Und es ist tatsächlich diese beflügelte, unbekümmerte Verschmelzung verschiedener Elemente des Blues, Funk und Soul, die zu einem einzigartigen und mitreißenden Klang führen. Kaum zu glauben, dass diese Truppe aus Großbritannien stammt und nicht aus Texas oder Chicago, denn was diese Jungs da machen mit der hingebungsvollen Mundharmonika, dem Soul, dem Feuer und dem Blues in der DANN, klingt derart authentisch und gewachsen, als hätten sie es mit der Muttermilch eingesogen. Das Gitarrensolo auf „Save Me“, mit viel WahWah gespielt, die Saiten mit den Fingern statt einem Plektrum angeschlagen, hat so viel Knackigkeit und Groove, dass man kaum ruhig stehen kann.
Das markante Gitarrenspiel von Tom JJ ist eines der zentralen Elemente des Stils der Band. Sein virtuoses Spiel umfasst eine breite Palette von Techniken und Stilen, von kraftvollen Blues-Riffs bis hin zu funkigen Grooves, die die Songs der Band mit Leben erfüllen und eine unverwechselbare Klanglandschaft schaffen.
Alessandro Cinelli am Schlagzeug sorgt für kraftvolle und mitreißende Rhythmen, die den Songs eine solide Grundlage geben und das Publikum zum Tanzen bringen. Sein präzises Timing und sein energiegeladenes Spiel verleihen der Musik von The Cinelli Brothers eine unwiderstehliche Energie – so wie auch sein leidenschaftlicher Gesang.

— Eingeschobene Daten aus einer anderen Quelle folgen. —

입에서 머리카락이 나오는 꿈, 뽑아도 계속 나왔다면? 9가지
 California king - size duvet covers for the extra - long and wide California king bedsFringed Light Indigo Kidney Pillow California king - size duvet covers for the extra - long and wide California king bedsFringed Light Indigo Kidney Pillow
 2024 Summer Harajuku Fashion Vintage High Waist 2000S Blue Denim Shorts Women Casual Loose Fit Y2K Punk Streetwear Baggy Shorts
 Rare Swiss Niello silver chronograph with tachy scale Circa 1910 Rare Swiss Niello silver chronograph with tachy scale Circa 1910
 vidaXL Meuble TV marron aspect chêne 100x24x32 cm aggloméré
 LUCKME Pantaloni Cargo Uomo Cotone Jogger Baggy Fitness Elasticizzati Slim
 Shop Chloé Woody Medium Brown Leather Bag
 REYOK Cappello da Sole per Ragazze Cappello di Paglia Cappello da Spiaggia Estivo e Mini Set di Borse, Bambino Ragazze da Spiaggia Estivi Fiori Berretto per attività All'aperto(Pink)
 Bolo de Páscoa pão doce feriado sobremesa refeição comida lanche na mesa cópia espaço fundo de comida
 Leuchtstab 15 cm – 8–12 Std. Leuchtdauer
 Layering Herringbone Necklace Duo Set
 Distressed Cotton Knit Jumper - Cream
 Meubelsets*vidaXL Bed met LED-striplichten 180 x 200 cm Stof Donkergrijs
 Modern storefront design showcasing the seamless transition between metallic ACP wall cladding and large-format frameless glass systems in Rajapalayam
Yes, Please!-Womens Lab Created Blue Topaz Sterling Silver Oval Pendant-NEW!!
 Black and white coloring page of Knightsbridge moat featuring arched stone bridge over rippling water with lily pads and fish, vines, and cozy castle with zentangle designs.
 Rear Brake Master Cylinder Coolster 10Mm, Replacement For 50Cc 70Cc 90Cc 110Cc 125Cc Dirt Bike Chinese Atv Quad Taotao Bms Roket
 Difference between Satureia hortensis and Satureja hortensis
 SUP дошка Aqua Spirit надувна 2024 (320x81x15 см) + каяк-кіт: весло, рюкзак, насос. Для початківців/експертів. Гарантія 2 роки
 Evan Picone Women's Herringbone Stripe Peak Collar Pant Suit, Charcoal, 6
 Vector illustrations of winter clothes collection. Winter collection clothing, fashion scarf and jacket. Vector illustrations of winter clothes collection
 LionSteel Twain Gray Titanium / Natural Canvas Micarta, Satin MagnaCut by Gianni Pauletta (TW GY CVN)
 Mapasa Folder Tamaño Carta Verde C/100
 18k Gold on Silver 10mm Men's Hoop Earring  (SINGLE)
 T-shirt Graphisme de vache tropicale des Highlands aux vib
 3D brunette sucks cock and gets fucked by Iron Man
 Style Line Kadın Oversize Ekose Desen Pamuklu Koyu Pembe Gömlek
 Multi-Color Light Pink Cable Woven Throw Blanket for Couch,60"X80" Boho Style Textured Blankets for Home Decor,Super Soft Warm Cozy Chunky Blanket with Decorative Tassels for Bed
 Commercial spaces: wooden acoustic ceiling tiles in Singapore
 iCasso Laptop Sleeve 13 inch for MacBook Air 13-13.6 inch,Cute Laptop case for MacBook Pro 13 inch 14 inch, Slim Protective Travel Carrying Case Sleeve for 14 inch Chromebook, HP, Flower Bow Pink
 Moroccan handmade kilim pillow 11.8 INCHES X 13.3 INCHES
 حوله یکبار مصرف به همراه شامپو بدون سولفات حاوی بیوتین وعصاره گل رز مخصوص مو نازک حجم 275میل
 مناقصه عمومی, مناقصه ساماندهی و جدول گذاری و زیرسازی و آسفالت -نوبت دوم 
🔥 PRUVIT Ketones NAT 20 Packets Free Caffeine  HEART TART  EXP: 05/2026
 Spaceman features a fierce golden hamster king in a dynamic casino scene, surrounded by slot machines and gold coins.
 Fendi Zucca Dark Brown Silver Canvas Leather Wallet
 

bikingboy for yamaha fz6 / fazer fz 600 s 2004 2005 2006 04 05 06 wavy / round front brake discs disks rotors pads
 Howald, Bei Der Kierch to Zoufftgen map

Songs wie „I Can’t Quit You Babe“ und „Nobody’s Fool“ animieren das Publikum zum Mitsingen und Tanzen. Die Energie auf der Bühne ist ansteckend, und es ist klar zu spüren, dass die Bandmitglieder eine tiefe Leidenschaft für ihre Musik haben, die sie mit dem Publikum teilten. Als das Konzert mit „Leave It With You“ zu Ende ging, war die Begeisterung im Saal spürbar. Das Publikum belohnte die Band mit tosendem Applaus.